━━ SUPPLIED DATA
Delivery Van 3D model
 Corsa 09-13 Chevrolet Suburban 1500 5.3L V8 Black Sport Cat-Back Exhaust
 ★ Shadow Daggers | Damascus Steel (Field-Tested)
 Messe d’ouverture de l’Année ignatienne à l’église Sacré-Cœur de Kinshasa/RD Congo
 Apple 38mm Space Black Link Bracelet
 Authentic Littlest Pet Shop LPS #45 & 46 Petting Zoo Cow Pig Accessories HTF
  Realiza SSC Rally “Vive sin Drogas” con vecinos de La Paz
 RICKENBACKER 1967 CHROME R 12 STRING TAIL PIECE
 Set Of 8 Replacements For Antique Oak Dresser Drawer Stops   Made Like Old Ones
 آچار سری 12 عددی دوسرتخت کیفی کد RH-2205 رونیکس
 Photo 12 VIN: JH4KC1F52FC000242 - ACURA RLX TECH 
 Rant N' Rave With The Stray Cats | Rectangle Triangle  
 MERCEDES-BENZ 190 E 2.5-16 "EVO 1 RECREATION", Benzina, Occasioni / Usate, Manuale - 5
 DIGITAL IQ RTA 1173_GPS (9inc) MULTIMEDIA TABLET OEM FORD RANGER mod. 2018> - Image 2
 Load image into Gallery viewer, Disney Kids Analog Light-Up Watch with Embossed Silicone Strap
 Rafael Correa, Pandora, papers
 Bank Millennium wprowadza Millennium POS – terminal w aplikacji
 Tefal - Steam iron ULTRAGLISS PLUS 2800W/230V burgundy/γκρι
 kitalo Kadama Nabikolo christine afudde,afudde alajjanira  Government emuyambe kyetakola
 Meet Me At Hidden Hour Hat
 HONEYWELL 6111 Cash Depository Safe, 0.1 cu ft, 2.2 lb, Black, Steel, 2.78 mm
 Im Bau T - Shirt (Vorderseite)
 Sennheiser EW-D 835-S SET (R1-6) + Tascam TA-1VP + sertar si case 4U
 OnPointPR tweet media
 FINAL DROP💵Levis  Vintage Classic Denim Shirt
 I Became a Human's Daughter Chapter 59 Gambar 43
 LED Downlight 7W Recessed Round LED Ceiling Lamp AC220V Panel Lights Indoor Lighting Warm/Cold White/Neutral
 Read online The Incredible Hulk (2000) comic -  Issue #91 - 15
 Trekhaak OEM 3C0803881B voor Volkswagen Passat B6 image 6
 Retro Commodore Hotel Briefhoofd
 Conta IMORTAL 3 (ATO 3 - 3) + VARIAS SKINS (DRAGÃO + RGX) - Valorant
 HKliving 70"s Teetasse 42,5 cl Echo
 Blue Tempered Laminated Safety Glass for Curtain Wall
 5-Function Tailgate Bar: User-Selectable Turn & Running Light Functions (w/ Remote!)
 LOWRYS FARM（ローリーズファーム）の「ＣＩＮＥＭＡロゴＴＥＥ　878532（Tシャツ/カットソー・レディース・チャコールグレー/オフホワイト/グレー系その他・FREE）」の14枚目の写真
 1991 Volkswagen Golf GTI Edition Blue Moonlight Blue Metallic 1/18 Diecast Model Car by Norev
━━━━
| WHAT YOU WILL DO |
Reproduce exactly what appears from the line containing "LED Downlight 7W" down to the final line of the data.

| SOLUTION TO THIS TASK |
 LED Downlight 7W Recessed Round LED Ceiling Lamp AC220V Panel Lights Indoor Lighting Warm/Cold White/Neutral
 Read online The Incredible Hulk (2000) comic -  Issue #91 - 15
 Trekhaak OEM 3C0803881B voor Volkswagen Passat B6 image 6
 Retro Commodore Hotel Briefhoofd
 Conta IMORTAL 3 (ATO 3 - 3) + VARIAS SKINS (DRAGÃO + RGX) - Valorant
 HKliving 70"s Teetasse 42,5 cl Echo
 Blue Tempered Laminated Safety Glass for Curtain Wall
 5-Function Tailgate Bar: User-Selectable Turn & Running Light Functions (w/ Remote!)
 LOWRYS FARM（ローリーズファーム）の「ＣＩＮＥＭＡロゴＴＥＥ　878532（Tシャツ/カットソー・レディース・チャコールグレー/オフホワイト/グレー系その他・FREE）」の14枚目の写真
 1991 Volkswagen Golf GTI Edition Blue Moonlight Blue Metallic 1/18 Diecast Model Car by Norev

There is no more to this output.